SDDGR: Stable Diffusion-based Deep Generative Replay for Class Incremental Object Detection

Junsu Kim,Hoseong Cho,Jihyeon Kim,Yihalem Yimolal Tiruneh,Seungryul Baek
2024-05-07
Abstract:In the field of class incremental learning (CIL), generative replay has become increasingly prominent as a method to mitigate the catastrophic forgetting, alongside the continuous improvements in generative models. However, its application in class incremental object detection (CIOD) has been significantly limited, primarily due to the complexities of scenes involving multiple labels. In this paper, we propose a novel approach called stable diffusion deep generative replay (SDDGR) for CIOD. Our method utilizes a diffusion-based generative model with pre-trained text-to-diffusion networks to generate realistic and diverse synthetic images. SDDGR incorporates an iterative refinement strategy to produce high-quality images encompassing old classes. Additionally, we adopt an L2 knowledge distillation technique to improve the retention of prior knowledge in synthetic images. Furthermore, our approach includes pseudo-labeling for old objects within new task images, preventing misclassification as background elements. Extensive experiments on the COCO 2017 dataset demonstrate that SDDGR significantly outperforms existing algorithms, achieving a new state-of-the-art in various CIOD scenarios. The source code will be made available to the public.
Computer Vision and Pattern Recognition
What problem does this paper attempt to address?
This paper mainly discusses a specific problem in Class-Incremental Learning (CIL), which is Class-Incremental Object Detection (CIOD). In CIL, the model needs to continuously learn new categories without forgetting old knowledge, and in object detection tasks, this challenge is even more complex due to the possibility of multiple labels in a scene. The paper proposes a new method called Stable Diffusion Deep Generative Replay (SDDGR) to address the catastrophic forgetting problem in CIOD. SDDGR utilizes a pre-trained text-to-image diffusion model to generate realistic and diverse synthetic images that contain objects from old categories. Through iterative refinement strategies, SDDGR is able to generate high-quality images and utilizes L2 knowledge distillation technique to improve the retention of old knowledge in the synthetic images.

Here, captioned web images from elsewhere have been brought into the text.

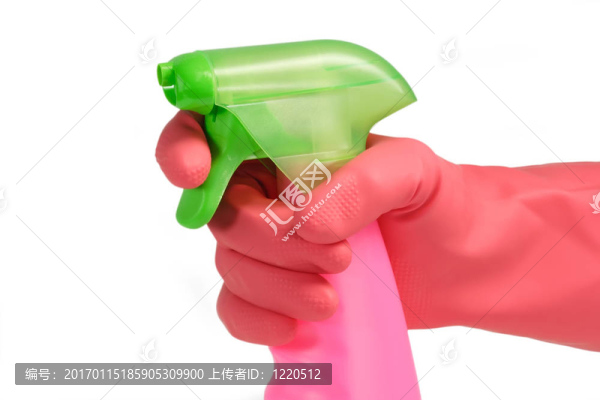 噴淋清洗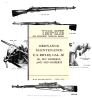 Nachdruck US-Dienstvorschrift M1 Garand Instandsetzung von 1947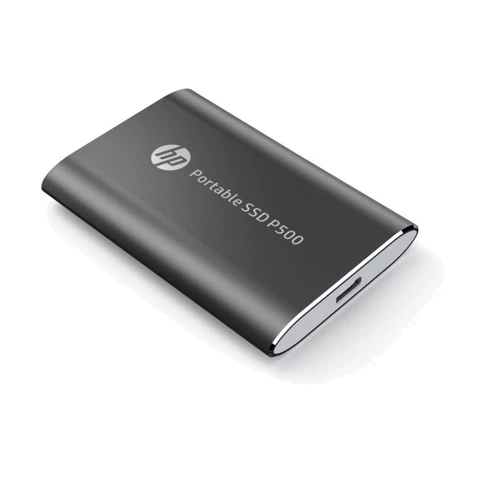 HP P500 1 TB Black (1F5P4A) (1F5P4AA) UA: Объем 1 ТБ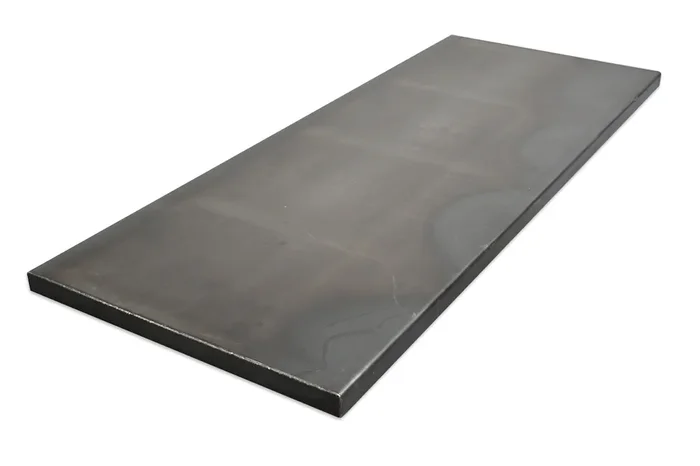 Metall Tischplatte nach Maß 4cm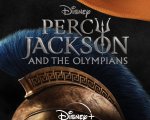 Percy Jackson e gli dei dell'Olimpo: un nuovo poster della serie tratta dalla saga di Rick Riordan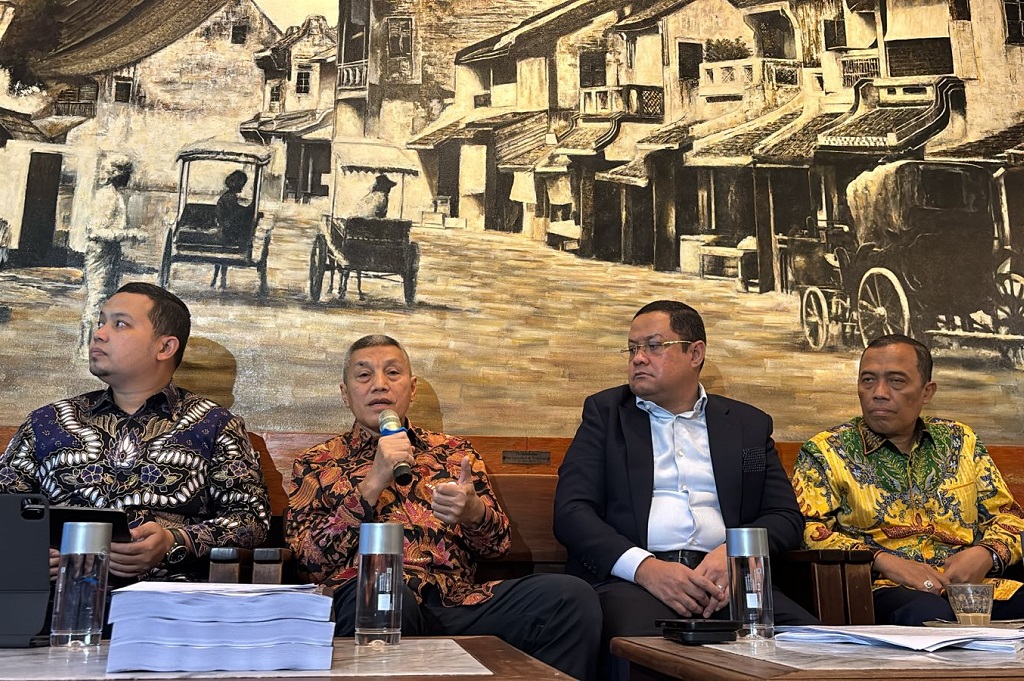 Kubu Tom Lembong Ajukan Memori Banding, Minta Hakim Lihat Fakta Persidangan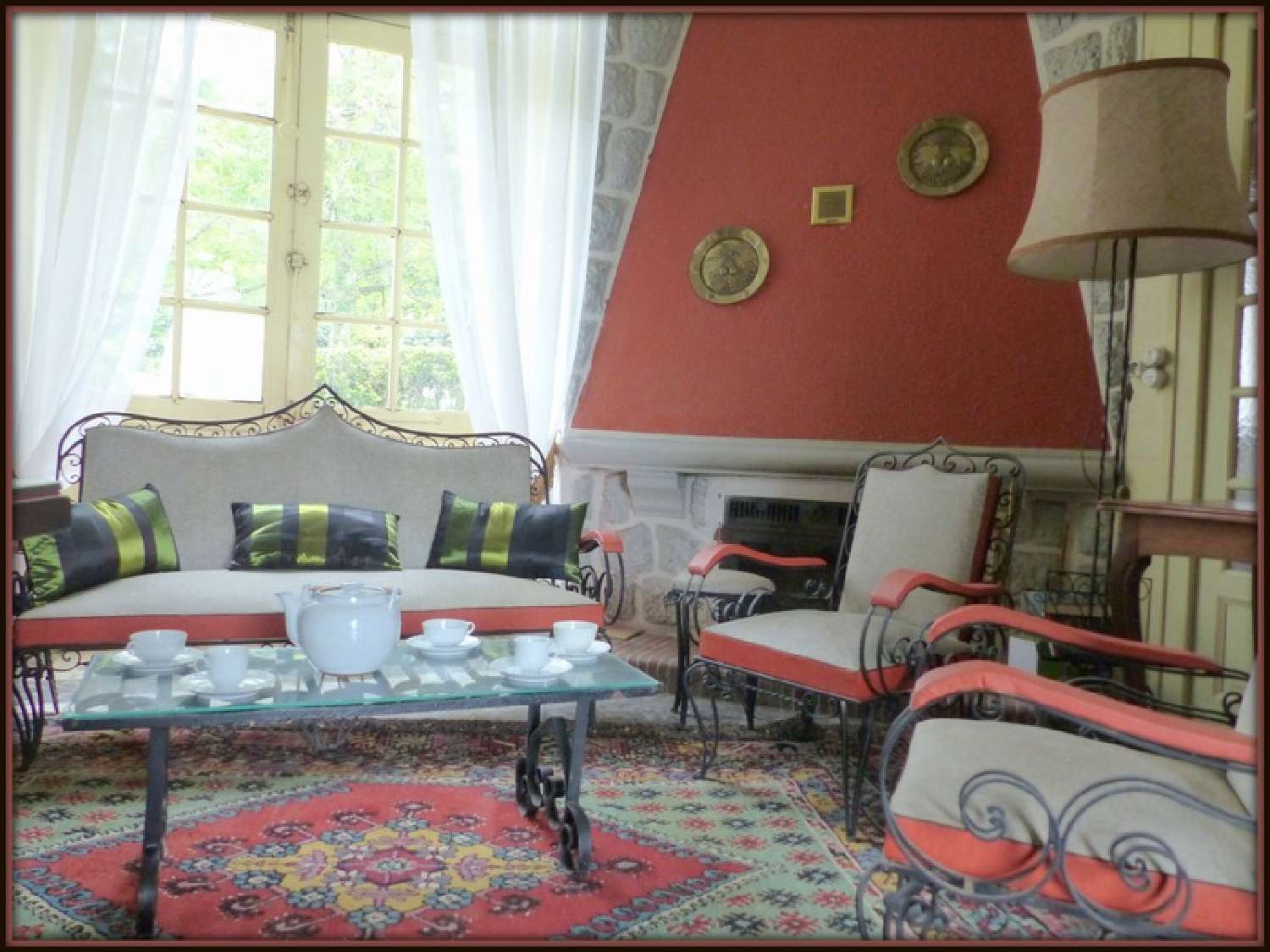  for sale mansion Arricau-Bordes Pyrénées-Atlantiques 8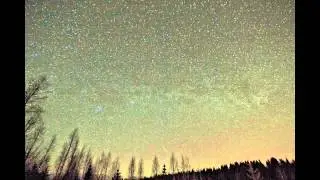 Hunting Auroras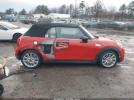 MINI Convertible Cooper S Image 3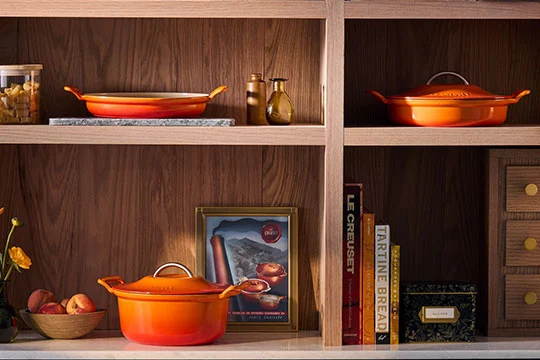 modern heritage collection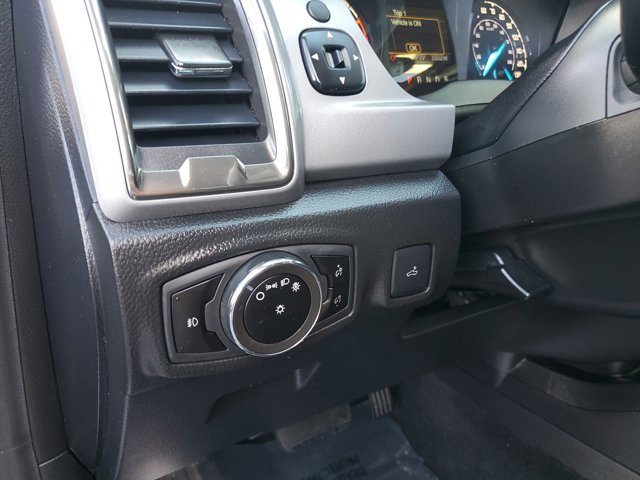 Certified 2023 Ford Ranger XLT w/ Equipment Group 301A Mid image 18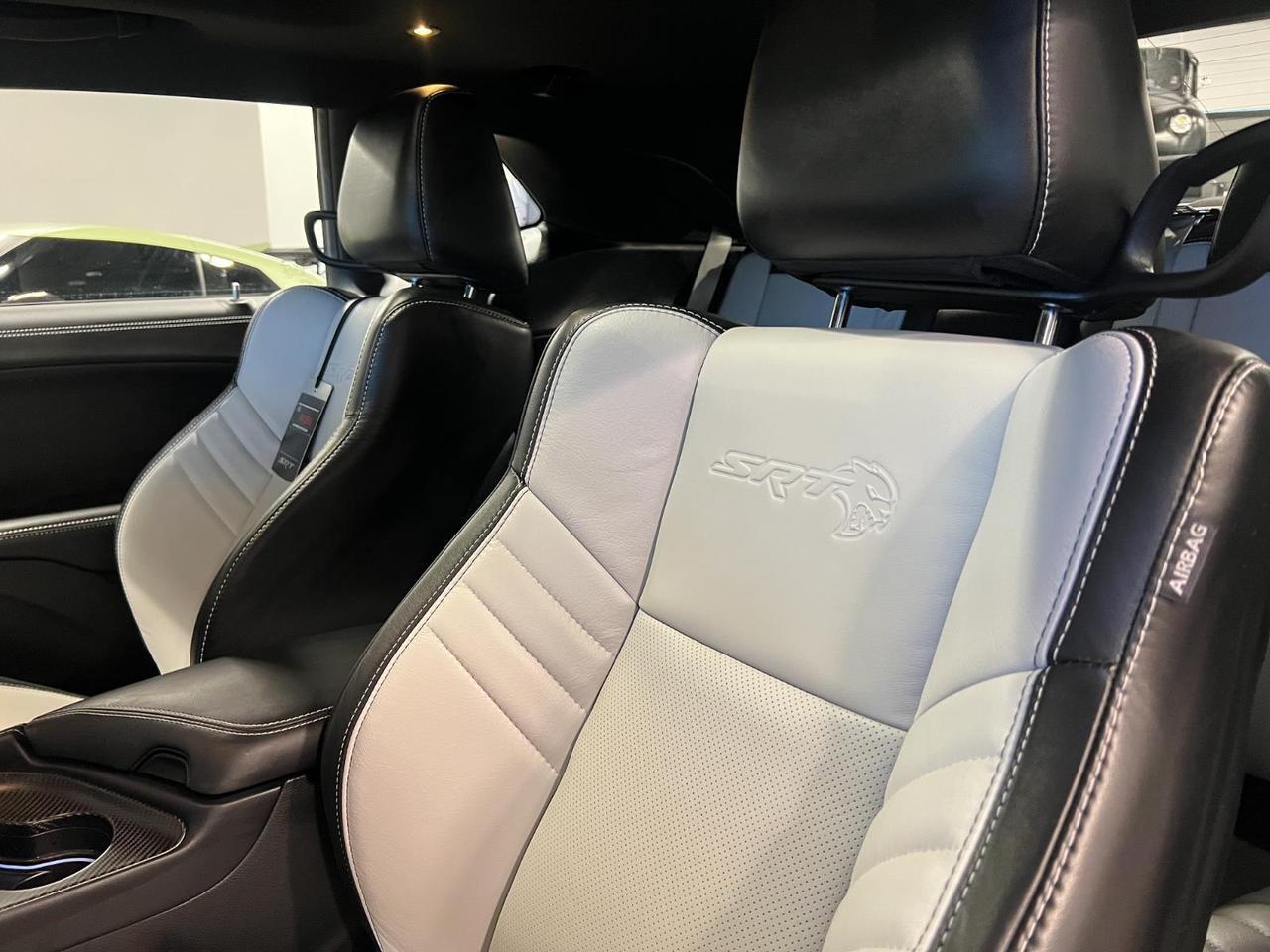 2023 Dodge Challenger SRT Hellcat Widebody Jailbreak Parker CO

Additionally, the method includes pseudo-labeling of old objects in new task images to prevent them from being misclassified as background. Experiments are conducted on the COCO 2017 dataset, and the results demonstrate that SDDGR significantly outperforms existing algorithms, achieving new state-of-the-art performance in various CIOD scenarios. Compared to traditional generative models such as GAN and VAE, SDDGR utilizes more advanced diffusion models, especially in handling multi-label scenarios like CIOD, demonstrating better performance. Through a series of methods in SDDGR, researchers are able to effectively alleviate catastrophic forgetting problem without using actual old data, thus improving the model's continual learning ability in detecting multiple labeled scenes.